Filed under Pitchfork

Statistics: Pitchfork stuff

Pitchfork‘s various end-of-year lists came out a couple weeks ago (Top 50 here), and I always think it’s interesting to see how their lists correspond to the ratings they assign during the year (and particularly the BNM distinction). During the course of the year a total of fifty (interesting …) albums/EPs were given the Best New Music tag. They range in rating from 8.2 to 9.5 with an average of about 8.6 (and a standard deviation of about .3). Eight albums received ratings of 9.0 or higher.

Of the fifty BNM albums/EPs, forty ended up on the Top 50 list, one was on the Honorable Mention list, which leaves nine that were unrecognized. The highest rated albums to be on neither list were Converge’s All We Love We Leave Behind and Twin Shadow’s Confess, which each received 8.6. The eight albums which received a 9.0 or higher all ended up in the top twelve slots. The ten albums on the Top 50 list which were not BNM all had ratings between 7.8 and 8.2, as did all of the Honorable Mention selections aside from the lone BNM album (Frankie Rose’s Interstellar) and two which hadn’t been rated (Jeremih’s Late Nights with Jeremih and Waxahatchee’s American Weekend).
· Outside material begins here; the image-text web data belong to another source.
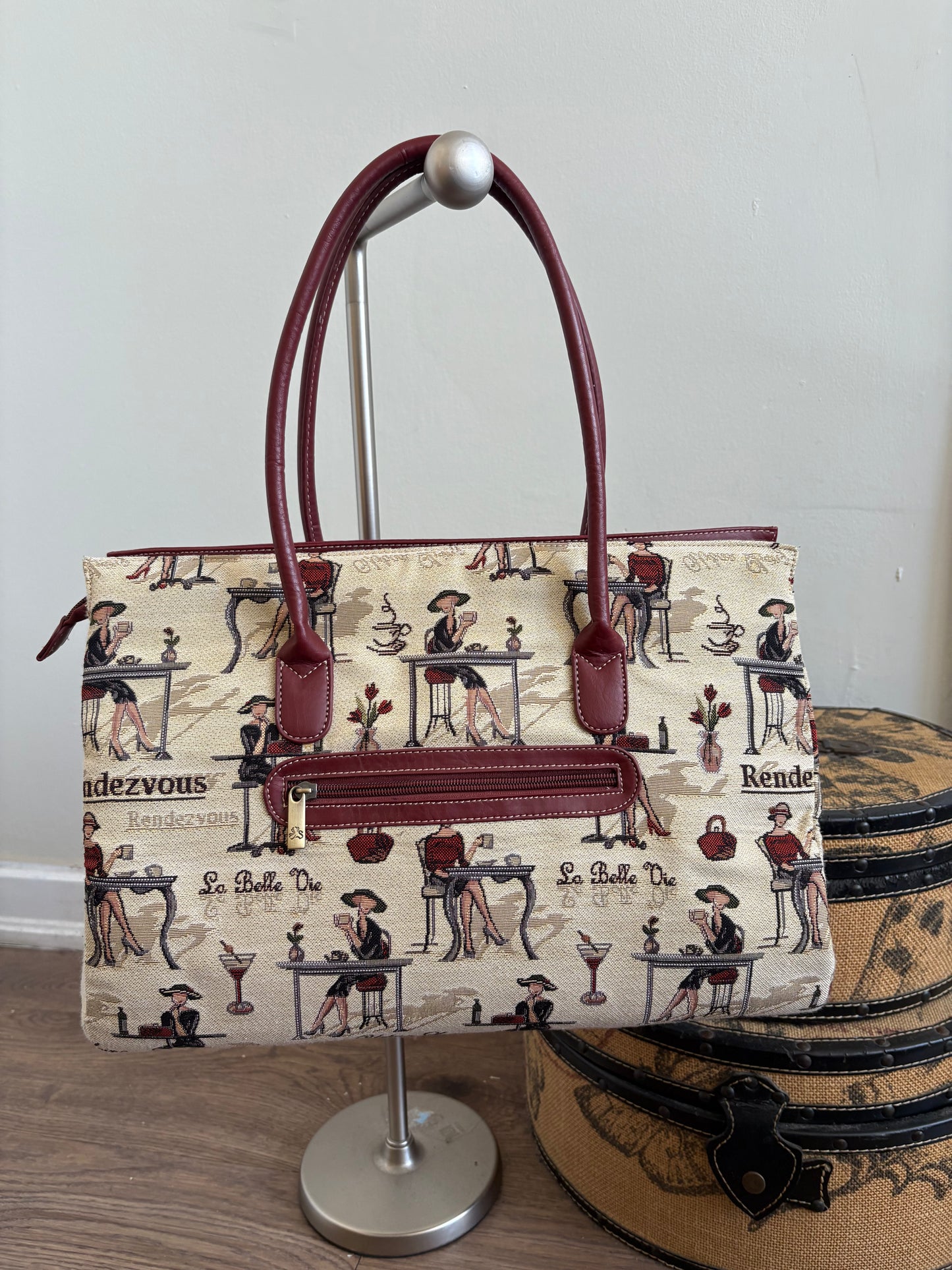 SIGNARE TAPESTRY BAG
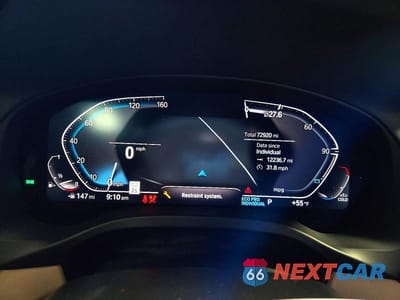 Zdjęcie 9 z 13 samochodu: 2021 BMW X3 XDRIVE30I VIN:5UXTY5C02M9H49187 - miniatura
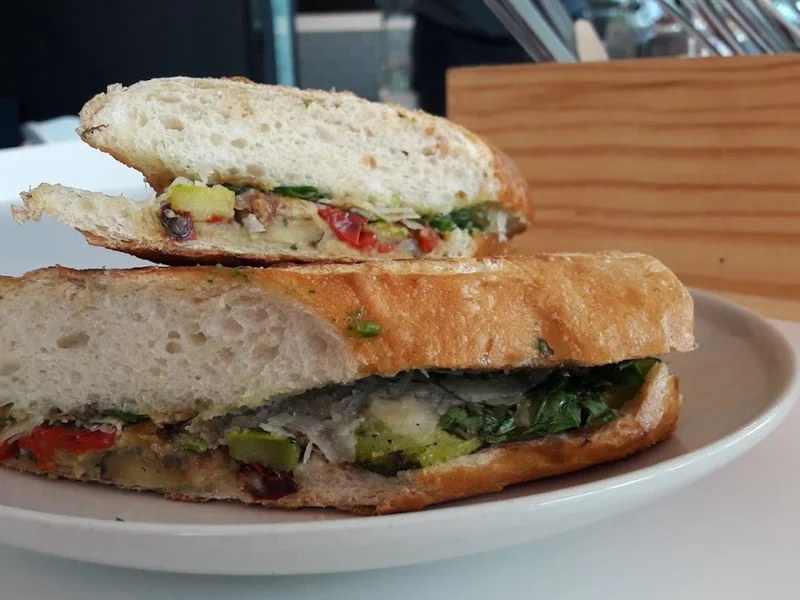 La bonne Baguette und das Esszimmer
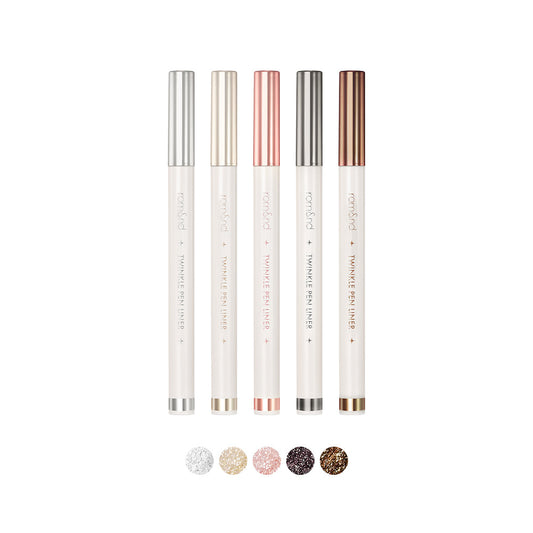 rom&nd Twinkle Pen Liner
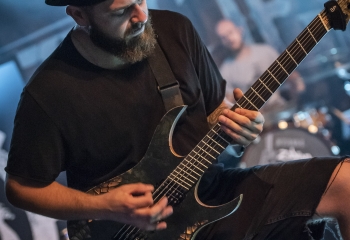 Jinjer @ Open Air Gränichen - Photo By Dänu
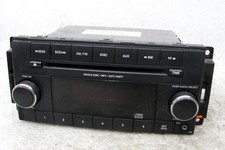 Dodge Caravan OEM single CD Am/Fm radio 50913...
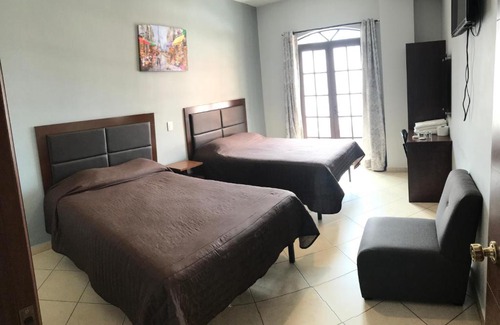 San Juan de los Lagos Hotel | Hotel Real San Javier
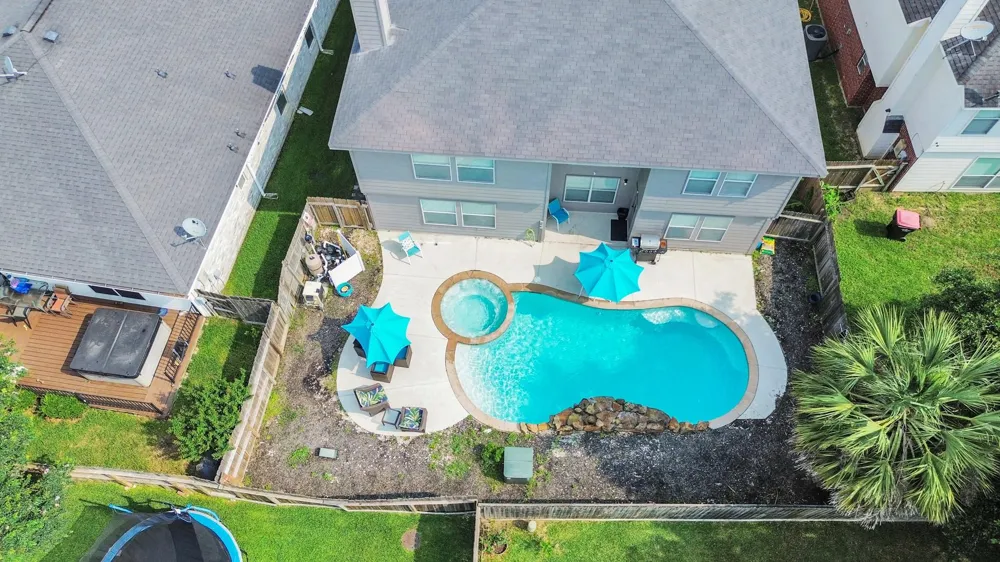4827 Lazy Timbers Drive Humble, TX 77346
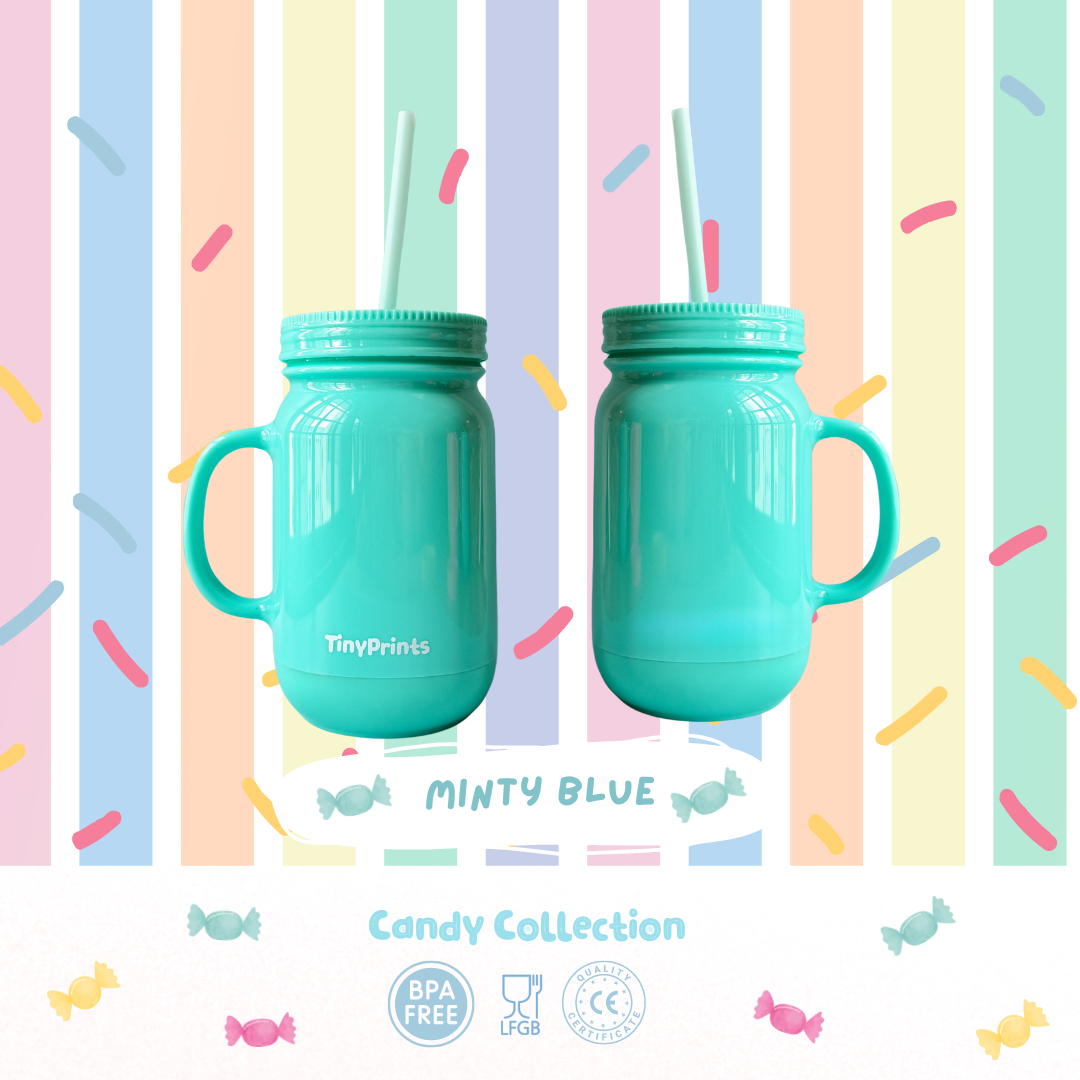 Cotton Candy Collection Tumbler - Kids Edition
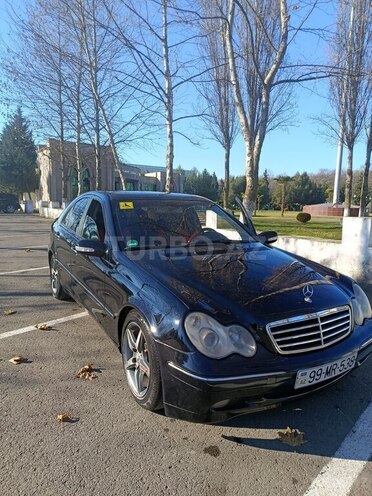 Mercedes C 200 2000, 436,000 km - 2.0 л - Bakı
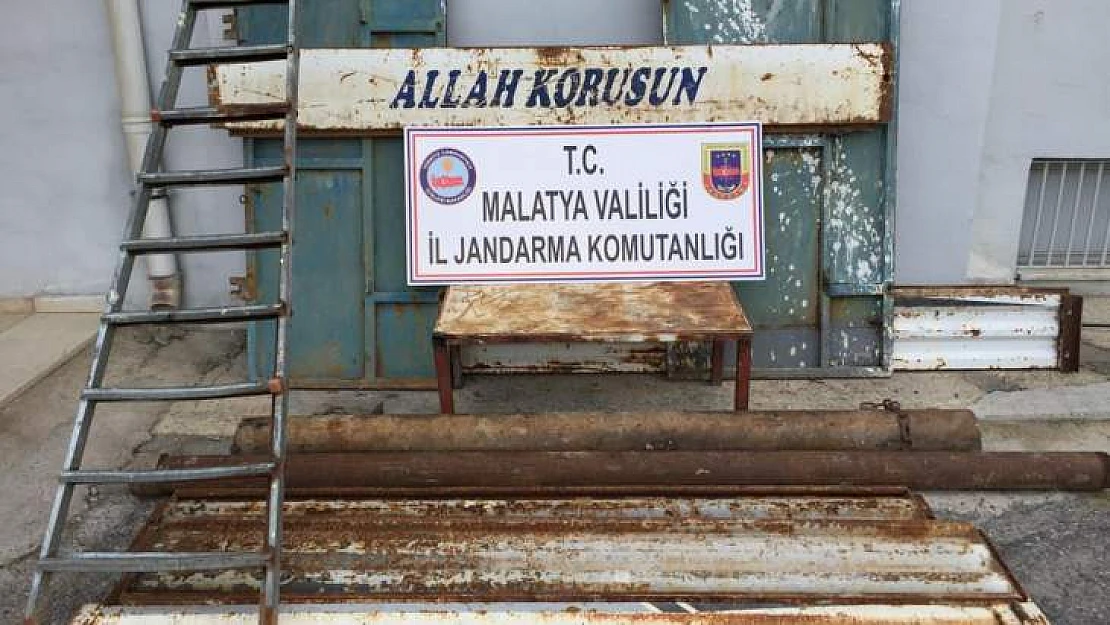 Hurdacıya Satılan Eşyalar, Hırsızları Yakalattı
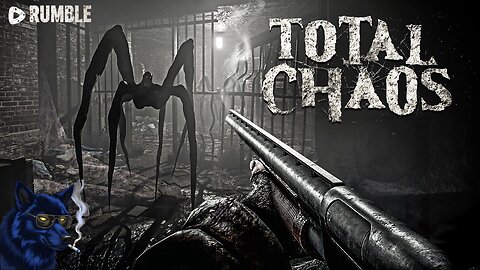 DOOM MOD TURNED SURVIVAL HORROR - TOTAL CHAOS (SHORT STRIM)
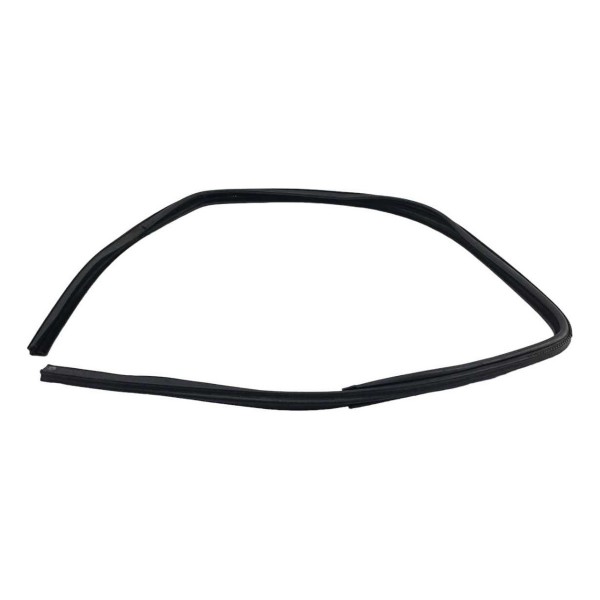 Borracha Vidro Porta Volkswagen Dianteiro Esquerdo Gol G6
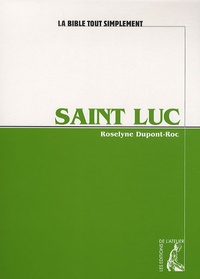 Roselyne Dupont-Roc - Saint Luc.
I haven’t recorded the results from previous years, though I have looked at this several times and the results are usually pretty similar. Getting a BNM tag basically gives an album at least a 75% chance of being on the Top 50 list, and getting a 9.0 or higher basically guarantees it. BNM albums which seem most likely to be left off are metal/hardcore. I’m not sure if there has been a 9.0+ album that hasn’t made the Top 50; if their site had a better search feature I’d find out.